While being interviewed for this story, Erika Wolf was interrupted by a visitor to her office looking for a sleeping bag left at the state Capitol during the 17-day occupation that ended March 3. She directed the visitor to an offsite storage facility.
It was all in a day's work for Wolf, advocacy field organizer of United Council, the UW students' lobby. She's been in the thick of some of the strangest and most exciting moments in recent state history. She was there day and night for most of the Capitol occupation, and played a key role in persuading others to leave so as not to cede the "moral authority" that came from not breaking any laws.
Wolf, who will turn 26 on Friday, is a native of Ohio who has attended the UW-Milwaukee and UW-Stevens Point. She worked briefly for the United Council in 2008 before landing an organizer job last July. Her job is to get students involved in the political process, but Scott Walker has completely changed what that means. Now her biggest challenge is finding enough things for them to do.

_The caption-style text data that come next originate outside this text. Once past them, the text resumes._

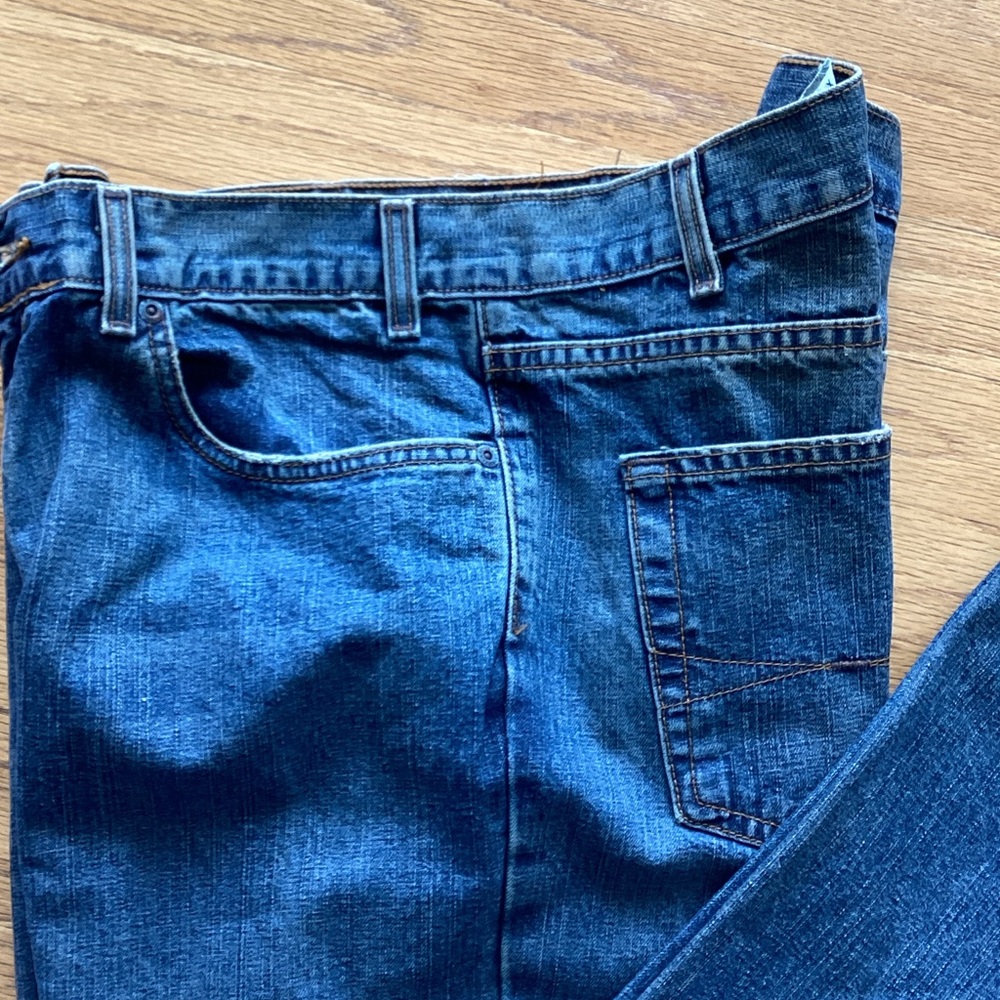 Kirkland Signature Men's Jeans - Picture 2 of 5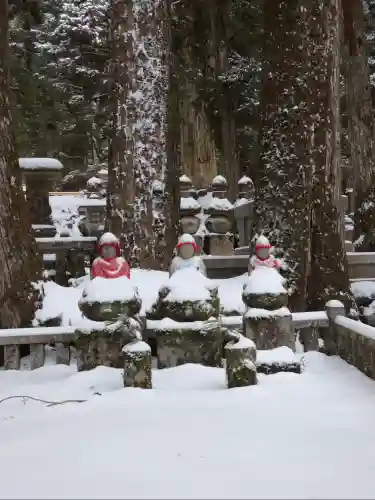 高野山金剛峯寺奥の院の{uncategorized: "未分類", other: "その他", undefined: "問題あり", building: "その他建物", grave: "お墓", sacred_gate: "鳥居", guardian: "狛犬", statue: "像", buddha: "仏像", history: "歴史", nature: "自然", garden: "庭園", animal: "動物", pagoda: "塔", temizu: "手水舎", mountain_gate: "山門・神門", sanctuary: "本殿・本堂", subordinate: "末社・摂社", art: "芸術", scenery: "景色", jizo: "地蔵", ema: "絵馬", goshuin: "御朱印", omikuji: "おみくじ", items: "授与品その他", amulet: "お守り", goshuincho: "御朱印帳", eats: "食事", festival: "お祭り", votive_dance: "神楽", shichigosan: "七五三参", wedding: "結婚式", experience: "体験その他", initially: "初詣", around: "周辺", anti_infection: "感染症対策"}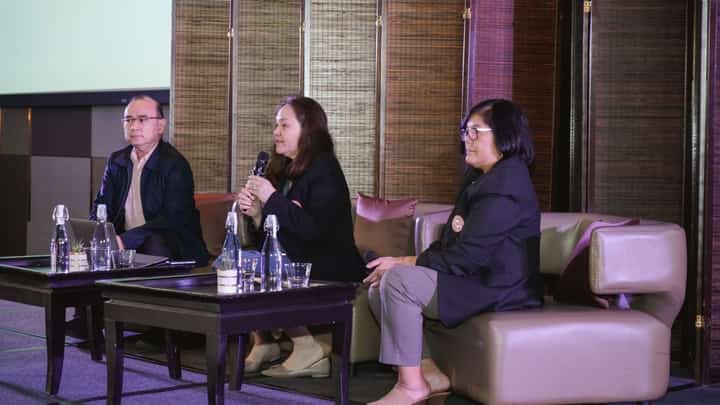 Discussing the latest evidence in lipid management Dr. Federick C. Cheng (left), Dr. Deborah Ignacia D. Ona (center) and Dr. Cecilia A. Jimeno.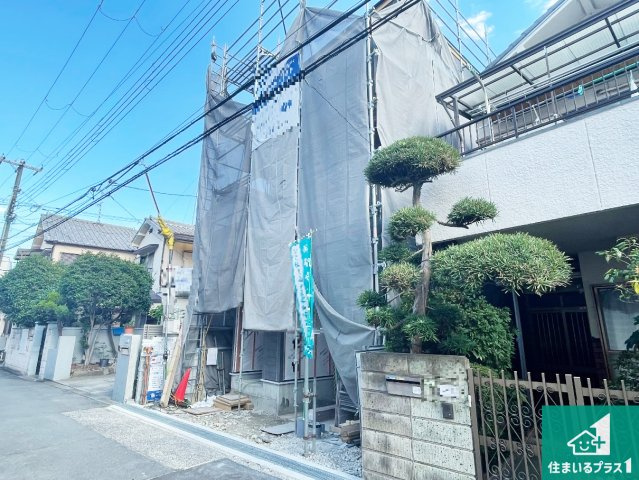 豊中市小曽根　第3期　新築一戸建ての外観|周辺は落ち着いた街並みの住宅地！子育てがしやすい住環境です！まだ未完成ですが、現地でしかわからない事もございます。是非一度ご覧ください。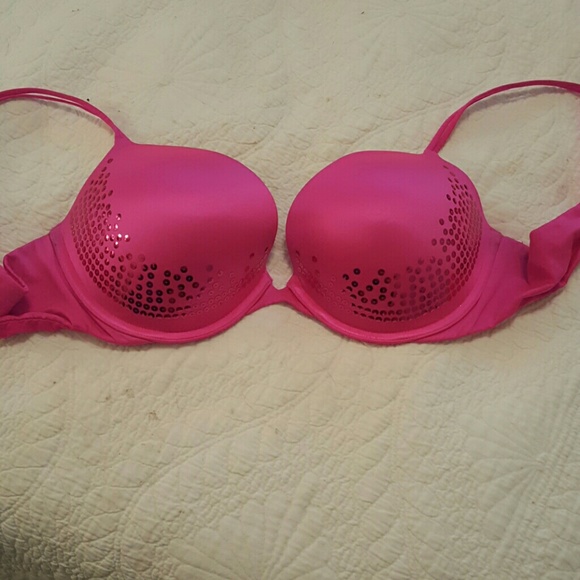 Victoria's Secret Bra (Very Sexy Push-Up)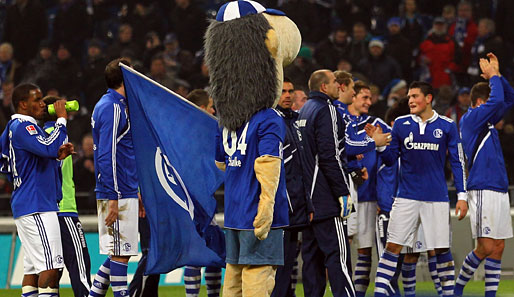 Die Mannschaft des FC Schalke 04 feiert den Sieg gegen den Favoriten aus Bayern nach dem Abpfiff ausgelassen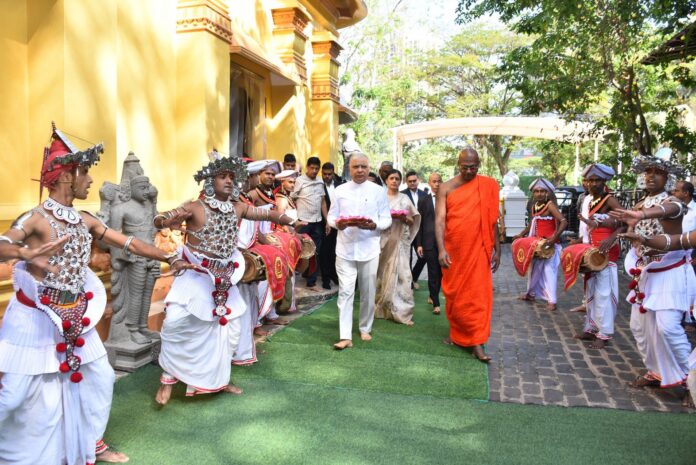 India High Commissioner visits Gangaramaya Temple Colombo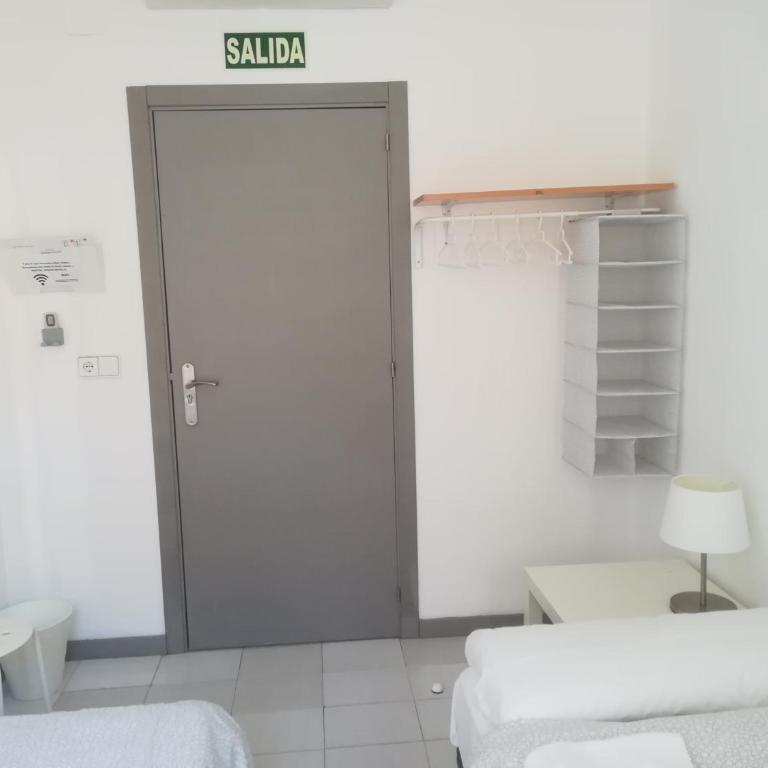 Hostel Urban Sevilla - Habitación Doble con baño compartido - 2 camas - 7
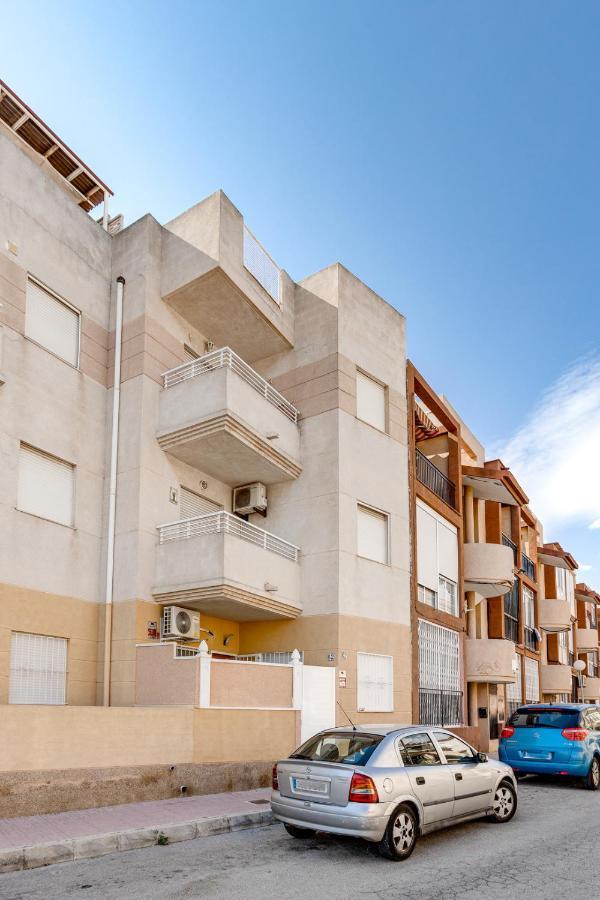 Bonito Apartamento de dos habitación y piscina Torrevieja Exterior foto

"What's happened has been pretty incredible," says Wolf, reflecting on how the elusive goal of uniting various left-leaning groups has become a reality. "Everybody who's involved in the progressive movement has really come together in a way we've never seen before."
Besides opposing budget initiatives that affect students, Wolf is organizing against a Voter ID bill that would make it harder for many students to vote. And she's now "capturing contact info" for students before they leave for the summer, to pull them into fresh opportunities to be involved.
The United Council has about a dozen paid employees, supported by a $2 per semester fee to UW students. Wolf notes that some students "see political issues as inherently partisan." She disagrees: "The work I'm doing is not anti-Walker, it's pro-student."